Find the Domain of y=-(x-14)²+8: Analyzing Quadratic Boundaries

To find the positive and negative domains of the function $y = -\left(x-14\right)^2 + 8$, we'll start by identifying the roots of the quadratic equation.

Step 1: Find the roots of the equation:
To find when the function is zero, set $y = 0$:
$-\left(x-14\right)^2 + 8 = 0$.

Step 2: Solve for $x$:
Rearrange the equation:
$-\left(x-14\right)^2 = -8$
$(x-14)^2 = 8$.

Take the square root on both sides:
$x-14 = \pm\sqrt{8}$.
This simplifies to $x - 14 = \pm 2\sqrt{2}$.

Add 14 to both sides to solve for $x$:
$x = 14 \pm 2\sqrt{2}$.
So, the roots are $x = 14 + 2\sqrt{2}$ and $x = 14 - 2\sqrt{2}$.

Step 3: Analyze intervals between roots and outside:
The roots divide the $x$-axis into three intervals: $x < 14 - 2\sqrt{2}$, $14 - 2\sqrt{2} < x < 14 + 2\sqrt{2}$, and $x > 14 + 2\sqrt{2}$.

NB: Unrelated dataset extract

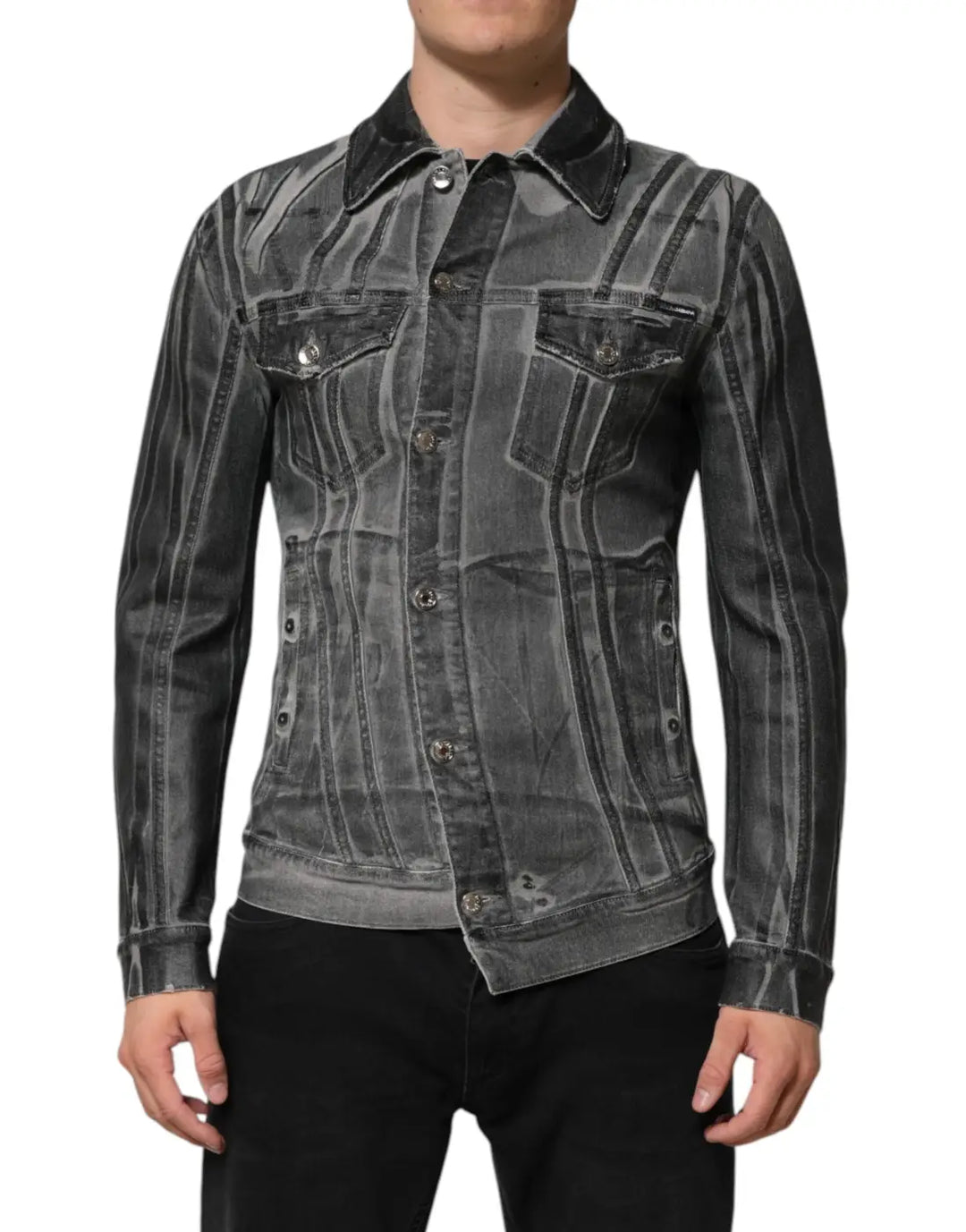 Dolce &amp; Gabbana Gray Washed Cotton Stretch Denim Jacket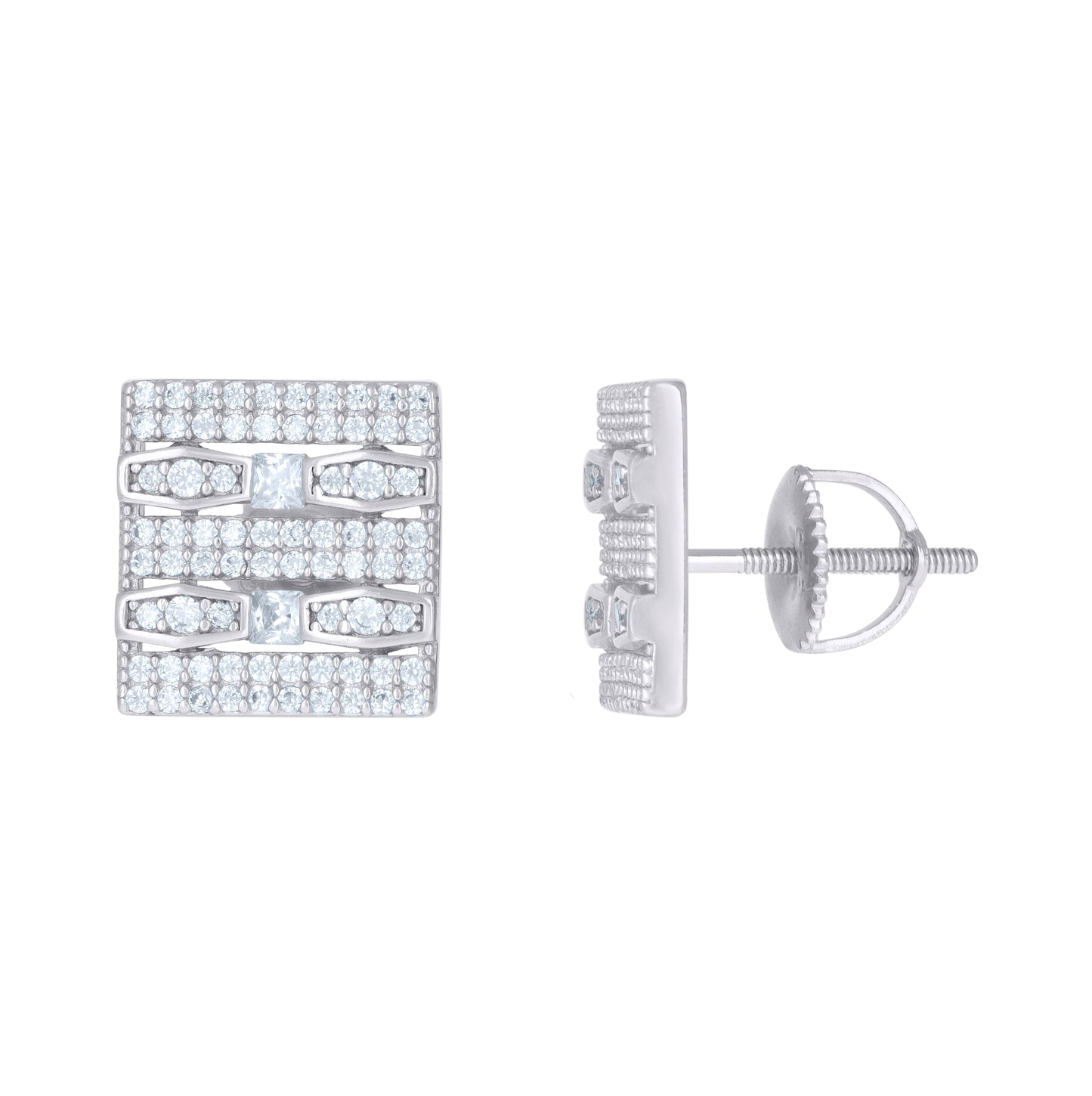 Sterling Silver Or Yellow-Tone Mens Princess-Cut Cubic-Zirconia Square Fashion Stud Earrings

- For $14 - 2\sqrt{2} < x < 14 + 2\sqrt{2}$, $y > 0$ because points between roots are above the $x$-axis.
- For $x < 14 - 2\sqrt{2}$ or $x > 14 + 2\sqrt{2}$, $y < 0$ because points outside of roots are below the $x$-axis.

Conclusion:
The positive domain, where $y > 0$, is $14 - 2\sqrt{2} < x < 14 + 2\sqrt{2}$.
The negative domain, where $y < 0$, is $x < 14 - 2\sqrt{2}$ or $x > 14 + 2\sqrt{2}$.

Therefore, the solution is:
Positive domain: $x > 0 : 14-2\sqrt{2} < x < 14+2\sqrt{2}$.
Negative domain: $x > 14+2\sqrt{2}$ or $x < 0 : x < 14-2\sqrt{2}$.